-- EXERCISE PROMPT --
A word-for-word restatement of the full listing is required.

*** DATA PROVIDED ***

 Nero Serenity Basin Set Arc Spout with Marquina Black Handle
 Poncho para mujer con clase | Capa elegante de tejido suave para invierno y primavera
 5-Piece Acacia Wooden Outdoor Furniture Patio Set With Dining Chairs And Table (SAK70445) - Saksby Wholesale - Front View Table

*** End of DATA PROVIDED ***

-- WRITTEN REPLY --
 Nero Serenity Basin Set Arc Spout with Marquina Black Handle
 Poncho para mujer con clase | Capa elegante de tejido suave para invierno y primavera
 5-Piece Acacia Wooden Outdoor Furniture Patio Set With Dining Chairs And Table (SAK70445) - Saksby Wholesale - Front View Table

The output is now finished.